(Records from a data collection)
= Beginning of Section =
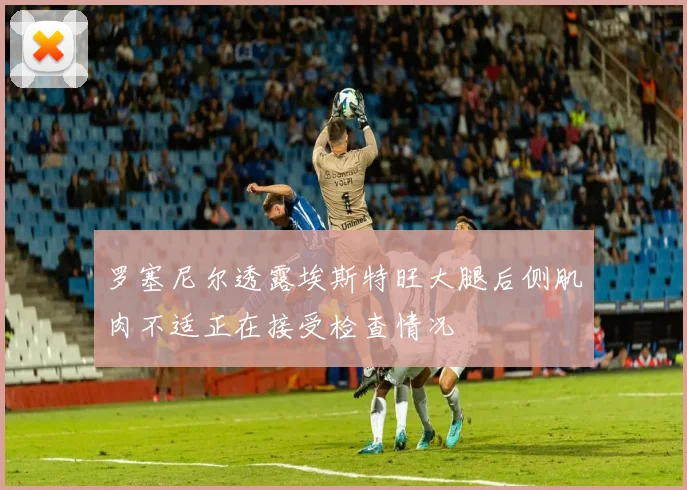 罗塞尼尔透露埃斯特旺大腿后侧肌肉不适正在接受检查情况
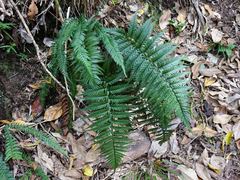 Polystichum neozelandicum neozelandicum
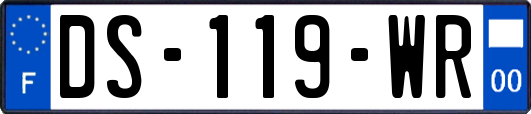 DS-119-WR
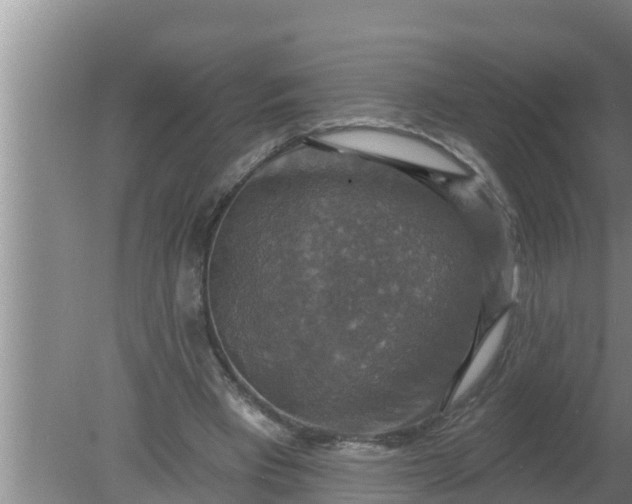 X0000080150393200612221954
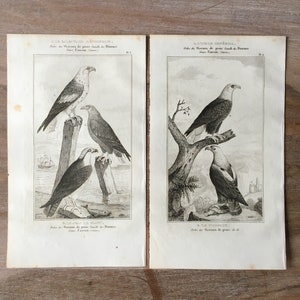 1835 Original Antique Lithographs with birds, Osprey, Sea Eagle, imperial eagle illustration, Bird prints set of 2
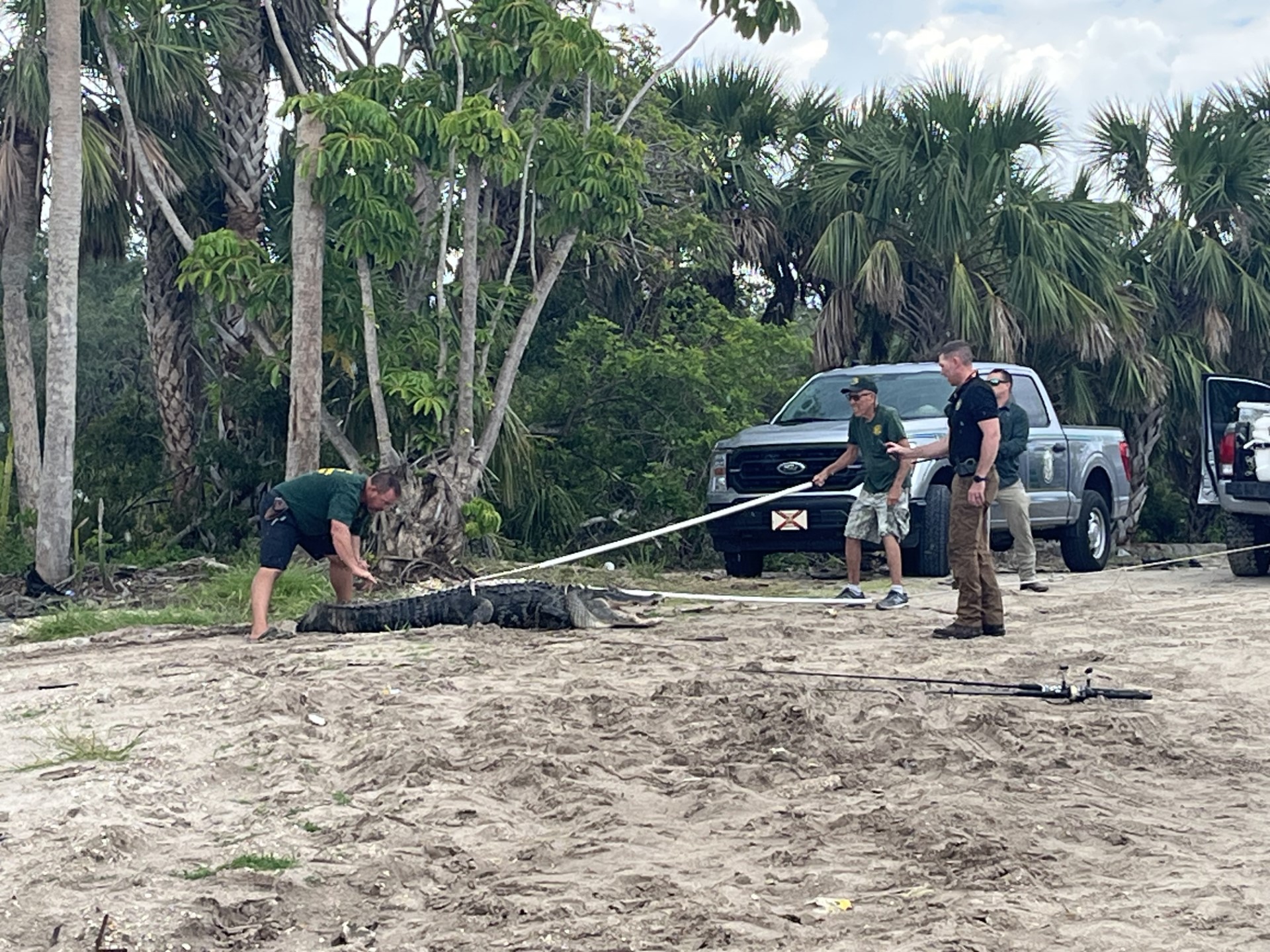 Alligator captured after bitting man in Gulf Cove, Florida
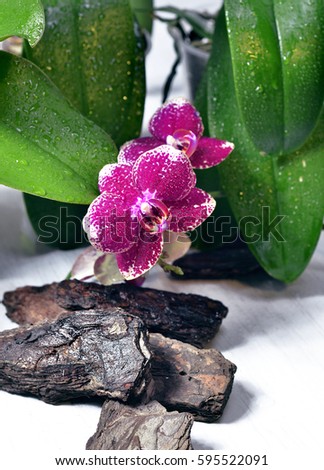 
A bright colorful orchid covered with drops of dew and next to the green leaves of orchids and wood shavings.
= End of Section =
_Work task_: Retype, word for word, the lines from the one with "Alligator captured after" through the last line of the entries above, and only those lines. Leave pictures out.

_Result for this exercise_:
 Alligator captured after bitting man in Gulf Cove, Florida
A bright colorful orchid covered with drops of dew and next to the green leaves of orchids and wood shavings.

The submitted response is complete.